Erkelenz-Lövenich: Bedeutung von „Ferkels Tünn” für die Feuerwehr

Erkelenz-Lövenich : Bedeutung von „Ferkels Tünn” für die Feuerwehr

Die Geschichte der Feuerwehr und deren Dokumentation hat sich nicht nur in unserer Region zur Kulturpflege gemausert. Was in Lövenich mit der umfangreichen Sammlung von Peter Höpgens begonnen hat, hat sich zum Rheinischen Feuerwehrmuseum entwickelt.

Ähnlich war es in anderen Orten Deutschlands, wo die private Sammelleidenschaft der Feuerwehrleute Museen hervorgebracht hat. Daraus ist ein Netzwerk entstanden, das durch regelmäßigen Austausch Licht in die oft unbekannte Geschichte der Feuerwehren bringt und zum Erhalt der wertvollen zeitgeschichtlichen Zeugnisse beiträgt. Am 8. März treffen sich die Aktiven der „Arbeitsgemeinschaft der Feuerwehr-Museen in Deutschland” (AGFM) im Rheinischen Feuerwehrmuseum in Lövenich.

Am folgenden Tag findet in den Räumen des Lövenicher Museums die „Zweite Rheinische Feuerwehr Sammel- und Tauschbörse” statt. Neben Museen aus der gesamten Bundesrepublik werden auch Feuerwehrhistoriker aus dem niederländischen Eindhoven erwartet. Zu der Veranstaltung ist bei weitem nicht jeder Sammler zugelassen. „Kommerzielle Sammler und Schnäppchenjäger wollen wir nicht unter den Besuchern wissen”, betont der zweite Vorsitzende des Rheinischen Feuerwehrmuseums, Rainer Merkens. Was auf den ersten Blick wie ein Treffen von Hobbyhistorikern aussieht, hat für Aktiven eine durchaus große Bedeutung.
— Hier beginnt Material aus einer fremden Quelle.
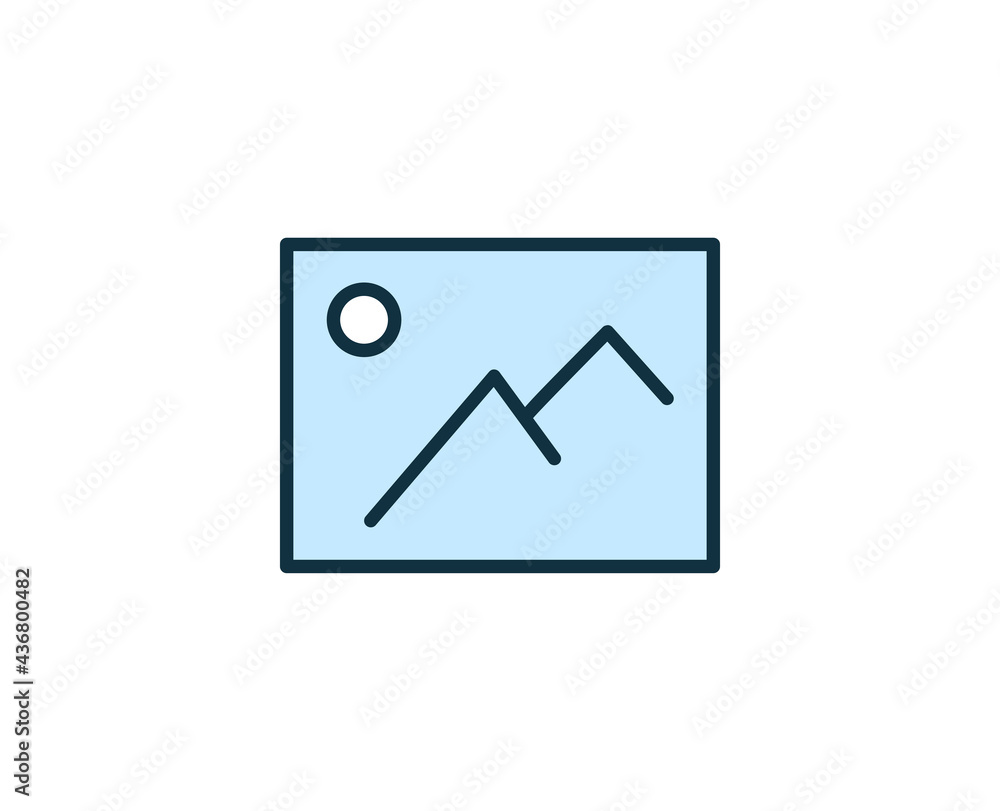 Gallery flat icon. Thin line signs for design logo, visit card, etc. Single high-quality outline symbol for web design or mobile app. Sign outline pictogram. Gallery flat icon. Thin line signs for design logo, visit card, etc. Single high-quality outline symbol for web design or mobile app. Sign outline pictogram.
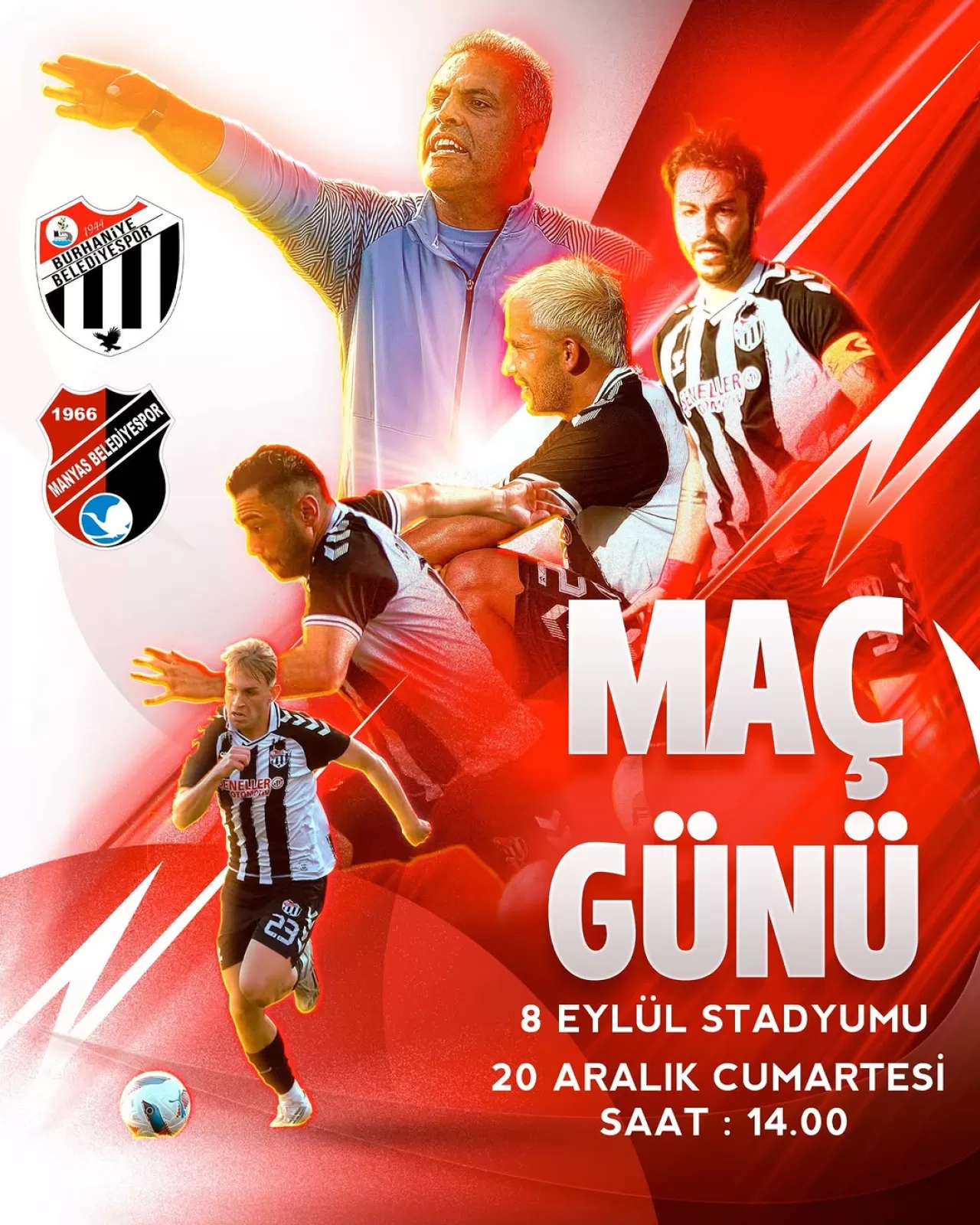 Burhaniye'de Kritik Lig Maçına Davet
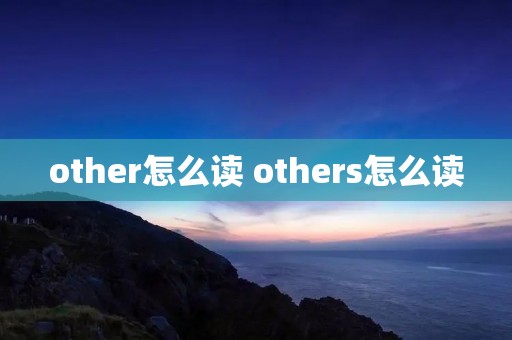 other怎么读 others怎么读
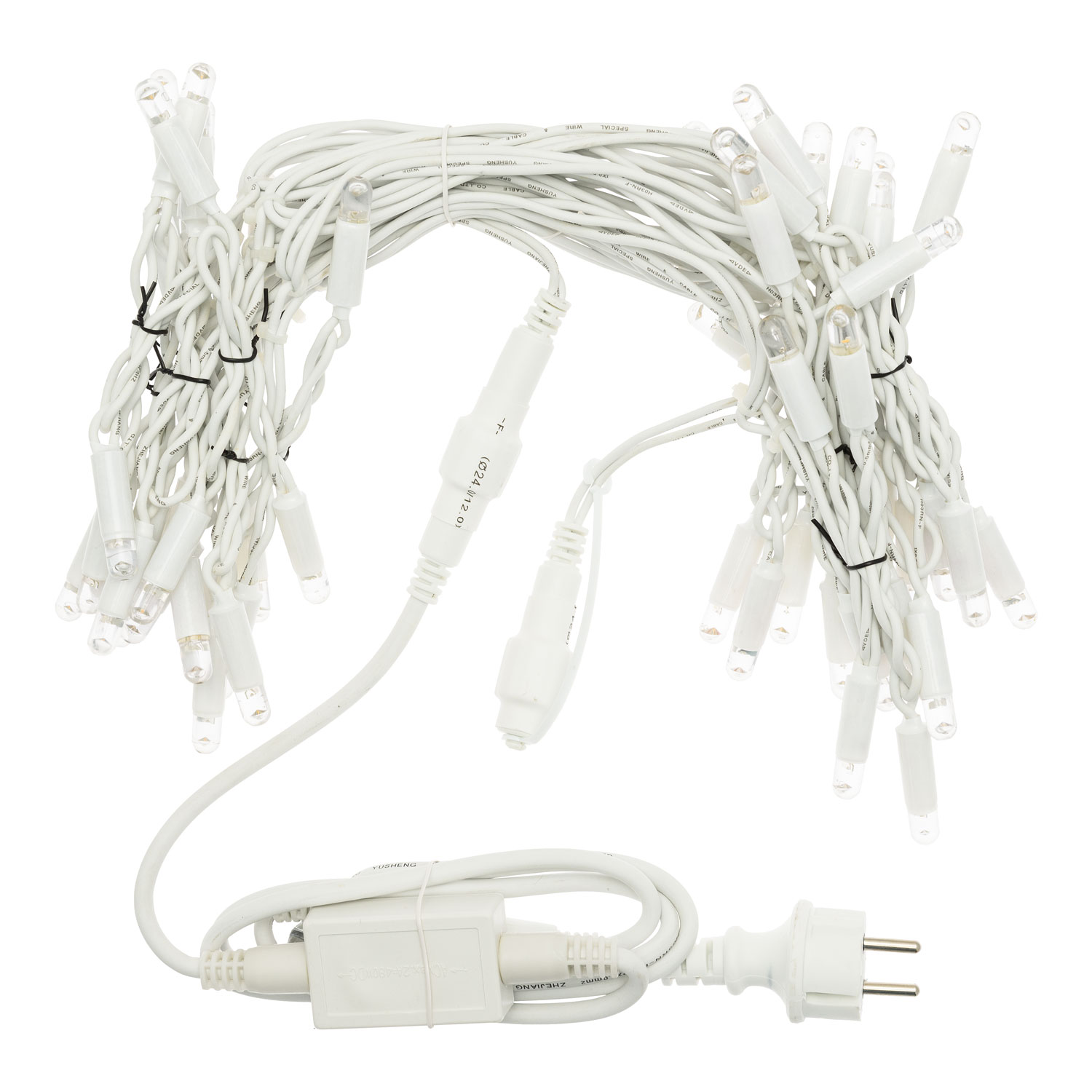 Stalattite 3,2 x h 0,4 m, 56 superled bianco freddo, cavo bianco, prolungabile 2 Stalattite 3,2 x h 0,4 m, 56 superled bianco freddo, cavo bianco, prolungabile 2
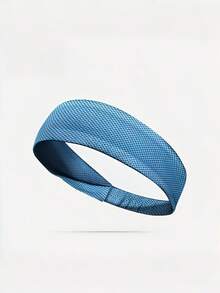 A Sports Headband With An Ice-Effect Feature, Using Ice-Sensing Fiber Technology - Breathable, Quick-Drying, Sweat-Absorbent And With An Elastic Design, Suitable For Running, Gym Workouts, Yoga (For Both Men And Women) - Multicolor - View 10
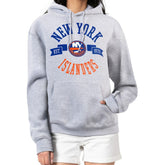 New York Islanders - G-III 4Her by Carl Banks Women's City Graphic Fleece Pullover Hoodie Heather Gray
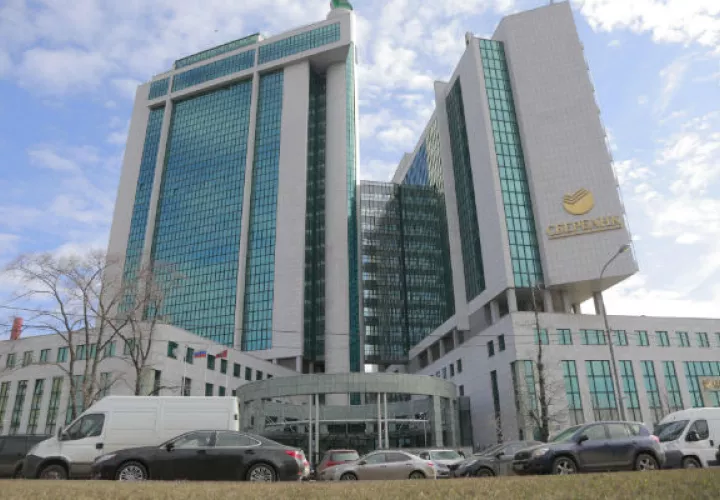 Las instalaciones del Sberbank, fueron afectadas por el ciberataque. FOTO/AP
Denn auf der Tagung werden Themen besprochen, die den Sammlern und Museumsbetreibern neben neuem Wissen auch Rechtssicherheit bringen. Ein wichtiger Punkt auf der Tagesordnung wird der Umgang mit den Paragrafen 86 und 86a des Strafgesetzbuches sein, in denen es um die Zurschaustellung von Symbolen aus dem Dritten Reich und der DDR geht.

„Die Feuerwehren haben auch in der Nazizeit und in der ehemaligen DDR gearbeitet. Dementsprechend finden sich auf den Ausstellungsstücken auch immer wieder verbotene Symbole aus dieser Zeit”, erklärt Bernd Klaedtke, der gemeinsam mit Michael Thissen seit rund vier Jahren die Zeitschrift „Feuerwehrchronik” herausgibt. Deren Zuschaustellung sei jedoch noch immer eine „heikle Sache”, die von der Staatsanwaltschaft verfolgt werden könne.

„Diese juristische Grauzone werden wir beleuchten und wichtige Hinweise zum Umgang mit den entsprechenden Symbolen geben.” Auch die Ergebnisse der Arbeit der „Feuerwehrchronik” werden dem Fachpublikum vorgestellt. In den vier Jahren des Bestehens der Zeitschrift ist eine umfassende Chronik der Feuerwehren entstanden. Dazu wurden Schriften katalogisiert und so auch anderen Forschern zugänglich gemacht. Der Austausch sei für die Historiker wichtig, die bisher „im stillen Kämmerlein” geforscht hätten, hebt Klaedtke hervor.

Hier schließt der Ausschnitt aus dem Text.